WHAT THIS TASK INVOLVES: Write out exactly what each line says, starting with the first line below and ending on the one with "NEO DRUGS HERBAL".

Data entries
....

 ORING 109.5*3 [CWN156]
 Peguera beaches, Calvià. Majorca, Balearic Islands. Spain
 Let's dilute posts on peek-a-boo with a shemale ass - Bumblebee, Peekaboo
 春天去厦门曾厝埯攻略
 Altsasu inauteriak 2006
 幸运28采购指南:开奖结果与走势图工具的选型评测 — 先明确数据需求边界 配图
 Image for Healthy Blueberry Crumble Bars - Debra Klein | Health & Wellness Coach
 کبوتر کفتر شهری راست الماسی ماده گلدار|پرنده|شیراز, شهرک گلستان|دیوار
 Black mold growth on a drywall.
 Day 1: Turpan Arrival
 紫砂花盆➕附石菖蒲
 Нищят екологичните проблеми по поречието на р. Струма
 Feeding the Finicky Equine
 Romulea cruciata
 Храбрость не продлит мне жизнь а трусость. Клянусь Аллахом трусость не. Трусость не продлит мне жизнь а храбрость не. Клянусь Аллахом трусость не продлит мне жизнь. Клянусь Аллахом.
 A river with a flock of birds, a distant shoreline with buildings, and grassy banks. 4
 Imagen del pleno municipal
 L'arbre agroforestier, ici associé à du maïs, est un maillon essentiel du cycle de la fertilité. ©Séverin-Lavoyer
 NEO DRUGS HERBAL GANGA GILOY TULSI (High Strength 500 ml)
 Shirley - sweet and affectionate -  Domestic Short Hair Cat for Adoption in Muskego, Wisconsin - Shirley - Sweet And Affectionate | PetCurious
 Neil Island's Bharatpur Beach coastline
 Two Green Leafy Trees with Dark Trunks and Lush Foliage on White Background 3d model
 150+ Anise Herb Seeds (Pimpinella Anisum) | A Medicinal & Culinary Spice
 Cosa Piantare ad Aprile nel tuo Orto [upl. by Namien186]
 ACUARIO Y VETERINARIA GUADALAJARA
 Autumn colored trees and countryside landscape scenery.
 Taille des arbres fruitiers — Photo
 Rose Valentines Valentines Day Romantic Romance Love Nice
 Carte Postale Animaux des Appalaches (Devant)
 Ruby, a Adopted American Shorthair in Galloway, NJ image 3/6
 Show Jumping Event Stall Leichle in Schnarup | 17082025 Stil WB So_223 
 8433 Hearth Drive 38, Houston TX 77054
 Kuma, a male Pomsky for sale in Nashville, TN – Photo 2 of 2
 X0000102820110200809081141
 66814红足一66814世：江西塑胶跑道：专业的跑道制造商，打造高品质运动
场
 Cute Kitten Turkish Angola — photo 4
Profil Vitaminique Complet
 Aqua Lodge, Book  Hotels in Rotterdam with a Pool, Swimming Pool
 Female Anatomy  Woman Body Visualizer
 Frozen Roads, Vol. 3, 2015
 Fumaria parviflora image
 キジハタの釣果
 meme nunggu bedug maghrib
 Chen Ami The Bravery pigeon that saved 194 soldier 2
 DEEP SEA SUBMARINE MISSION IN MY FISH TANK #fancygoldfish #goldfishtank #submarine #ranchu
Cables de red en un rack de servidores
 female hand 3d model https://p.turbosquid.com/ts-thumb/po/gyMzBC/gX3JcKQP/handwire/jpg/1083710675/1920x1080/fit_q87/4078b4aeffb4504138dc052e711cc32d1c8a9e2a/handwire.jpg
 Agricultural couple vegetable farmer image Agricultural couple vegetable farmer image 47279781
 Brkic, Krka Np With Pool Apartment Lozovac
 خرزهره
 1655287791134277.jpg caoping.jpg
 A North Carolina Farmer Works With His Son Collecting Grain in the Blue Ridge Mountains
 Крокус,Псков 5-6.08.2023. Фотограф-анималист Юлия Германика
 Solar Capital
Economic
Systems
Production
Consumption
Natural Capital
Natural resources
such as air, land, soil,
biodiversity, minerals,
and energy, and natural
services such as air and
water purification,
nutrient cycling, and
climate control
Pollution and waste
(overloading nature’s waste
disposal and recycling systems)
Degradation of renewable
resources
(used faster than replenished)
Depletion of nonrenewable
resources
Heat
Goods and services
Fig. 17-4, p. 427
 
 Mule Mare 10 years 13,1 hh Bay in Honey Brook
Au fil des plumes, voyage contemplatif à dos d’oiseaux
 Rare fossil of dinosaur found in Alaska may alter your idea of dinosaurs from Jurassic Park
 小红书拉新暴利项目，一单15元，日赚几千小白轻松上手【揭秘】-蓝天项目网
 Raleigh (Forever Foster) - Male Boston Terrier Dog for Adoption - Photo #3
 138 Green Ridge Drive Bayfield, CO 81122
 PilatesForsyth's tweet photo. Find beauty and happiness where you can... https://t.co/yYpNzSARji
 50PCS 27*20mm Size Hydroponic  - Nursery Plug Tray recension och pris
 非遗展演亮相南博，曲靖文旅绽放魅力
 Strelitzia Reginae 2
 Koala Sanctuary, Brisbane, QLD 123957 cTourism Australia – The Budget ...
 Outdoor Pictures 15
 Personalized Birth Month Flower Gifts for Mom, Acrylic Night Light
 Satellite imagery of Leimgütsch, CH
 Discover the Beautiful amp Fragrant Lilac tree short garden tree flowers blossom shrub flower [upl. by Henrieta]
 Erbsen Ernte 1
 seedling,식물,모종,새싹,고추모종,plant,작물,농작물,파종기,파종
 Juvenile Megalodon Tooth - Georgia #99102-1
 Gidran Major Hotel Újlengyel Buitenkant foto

....

EXERCISE SOLUTION:
 ORING 109.5*3 [CWN156]
 Peguera beaches, Calvià. Majorca, Balearic Islands. Spain
 Let's dilute posts on peek-a-boo with a shemale ass - Bumblebee, Peekaboo
 春天去厦门曾厝埯攻略
 Altsasu inauteriak 2006
 幸运28采购指南:开奖结果与走势图工具的选型评测 — 先明确数据需求边界 配图
 Image for Healthy Blueberry Crumble Bars - Debra Klein | Health & Wellness Coach
 کبوتر کفتر شهری راست الماسی ماده گلدار|پرنده|شیراز, شهرک گلستان|دیوار
 Black mold growth on a drywall.
 Day 1: Turpan Arrival
 紫砂花盆➕附石菖蒲
 Нищят екологичните проблеми по поречието на р. Струма
 Feeding the Finicky Equine
 Romulea cruciata
 Храбрость не продлит мне жизнь а трусость. Клянусь Аллахом трусость не. Трусость не продлит мне жизнь а храбрость не. Клянусь Аллахом трусость не продлит мне жизнь. Клянусь Аллахом.
 A river with a flock of birds, a distant shoreline with buildings, and grassy banks. 4
 Imagen del pleno municipal
 L'arbre agroforestier, ici associé à du maïs, est un maillon essentiel du cycle de la fertilité. ©Séverin-Lavoyer
 NEO DRUGS HERBAL GANGA GILOY TULSI (High Strength 500 ml)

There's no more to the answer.